==== PROVIDED DATA ====
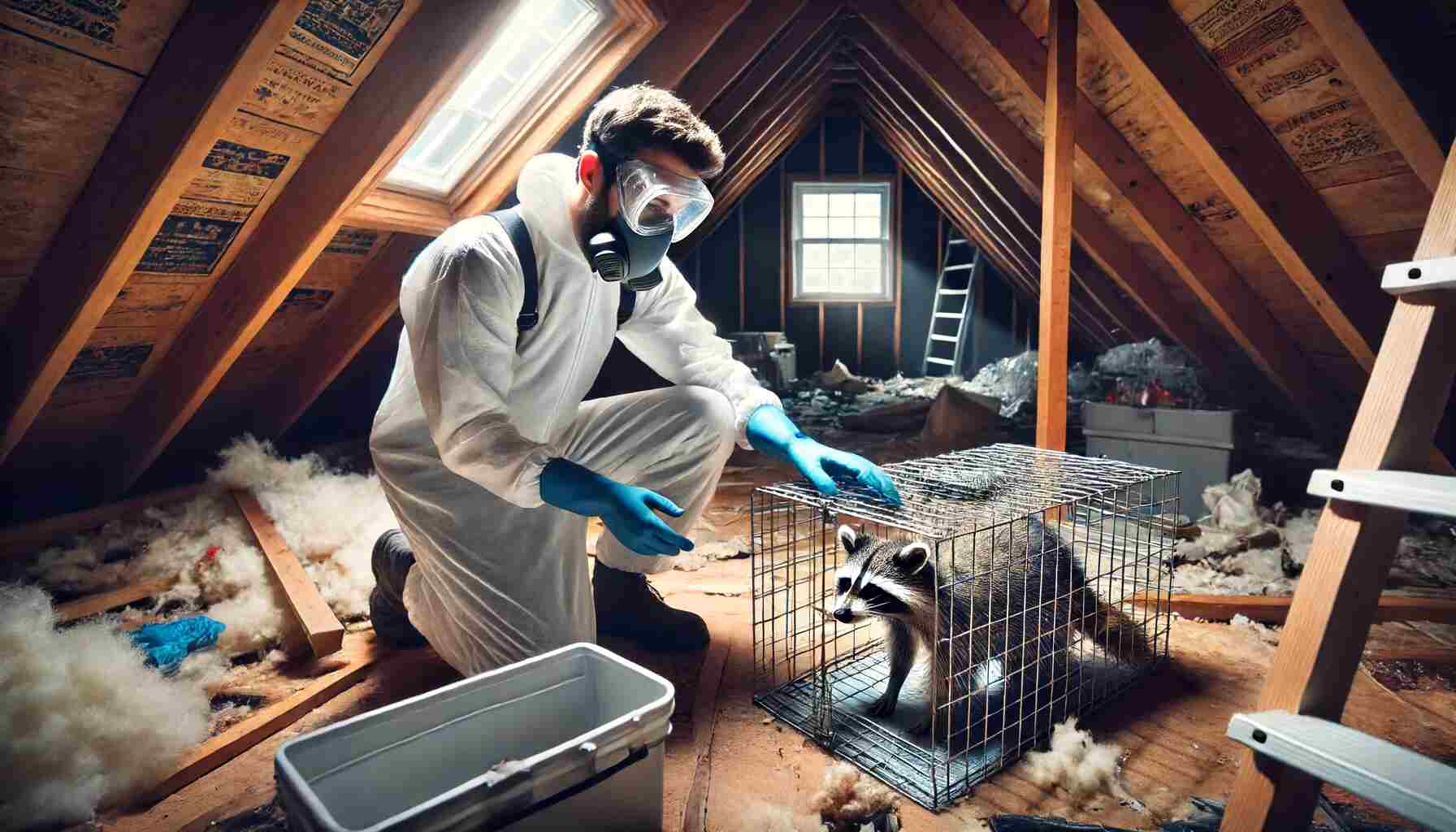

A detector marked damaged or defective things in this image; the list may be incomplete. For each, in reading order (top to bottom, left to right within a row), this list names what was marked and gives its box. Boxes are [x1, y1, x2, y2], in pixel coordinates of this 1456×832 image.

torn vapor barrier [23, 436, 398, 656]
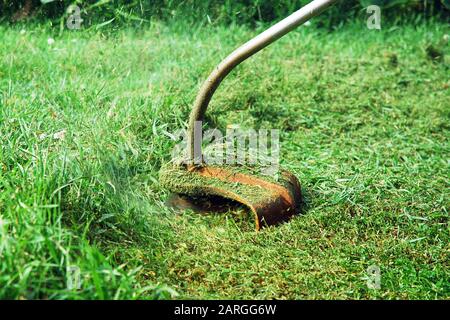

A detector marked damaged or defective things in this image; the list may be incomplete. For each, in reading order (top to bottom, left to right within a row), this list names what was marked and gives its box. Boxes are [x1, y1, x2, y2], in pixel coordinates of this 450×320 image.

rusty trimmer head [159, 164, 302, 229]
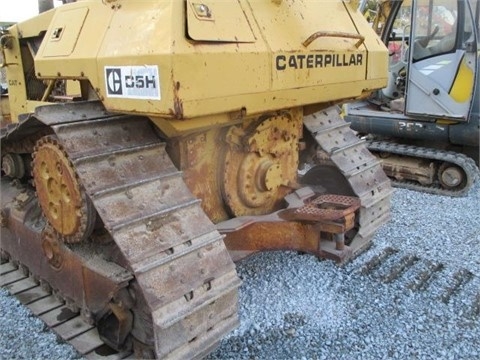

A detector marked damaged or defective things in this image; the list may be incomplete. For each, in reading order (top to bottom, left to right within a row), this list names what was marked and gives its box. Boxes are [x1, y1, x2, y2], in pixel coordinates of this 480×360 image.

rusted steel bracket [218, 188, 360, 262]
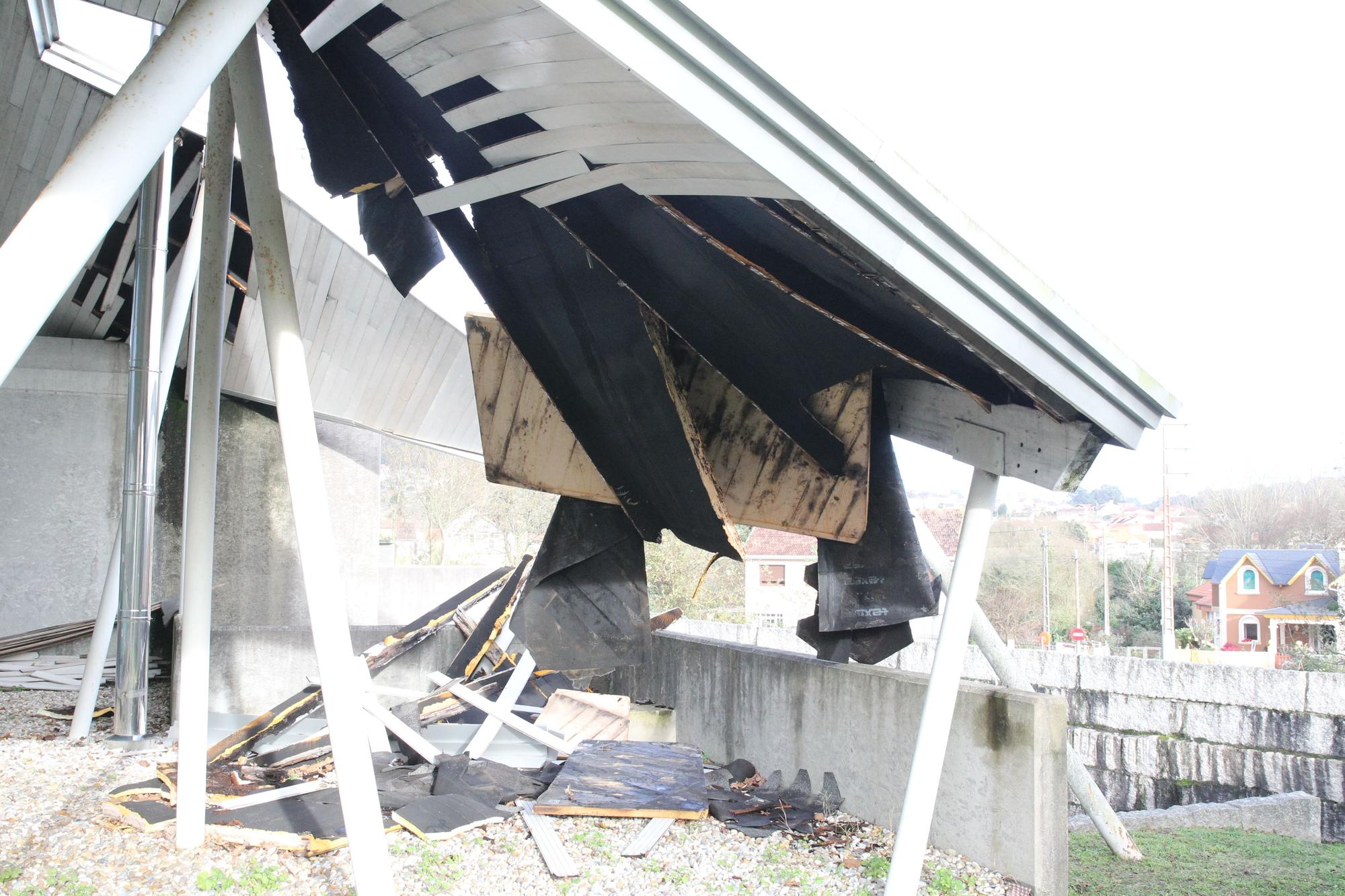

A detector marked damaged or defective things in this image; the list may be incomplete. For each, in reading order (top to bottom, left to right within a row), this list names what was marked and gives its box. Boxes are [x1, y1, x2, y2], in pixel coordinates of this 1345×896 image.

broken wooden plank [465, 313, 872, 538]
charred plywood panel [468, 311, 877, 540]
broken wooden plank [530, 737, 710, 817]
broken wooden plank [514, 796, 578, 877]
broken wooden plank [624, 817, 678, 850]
====
**PROBLEM REQUIREMENTS:**
Pictures should be omitted. Please return exactly the lines from the line that holds "this 480×360 image." through the end of the records.

**RESPONSE:**
A detector marked damaged or defective things in this image; the list may be incomplete. For each, in reading order (top to bottom, left to right within a row), this list names what was marked and gives its box. Boxes are [x1, y1, x2, y2], in pixel coordinates of this 480×360 image.

rusted steel bracket [218, 188, 360, 262]

A detector marked damaged or defective things in this image; the list may be incomplete. For each, in reading order (top to bottom, left to right within a row), this list names what was marked and gives its box. Boxes are [x1, y1, x2, y2], in pixel coordinates of this 1345×896 image.

broken wooden plank [465, 313, 872, 538]
charred plywood panel [468, 311, 877, 540]
broken wooden plank [530, 737, 710, 817]
broken wooden plank [514, 796, 578, 877]
broken wooden plank [624, 817, 678, 850]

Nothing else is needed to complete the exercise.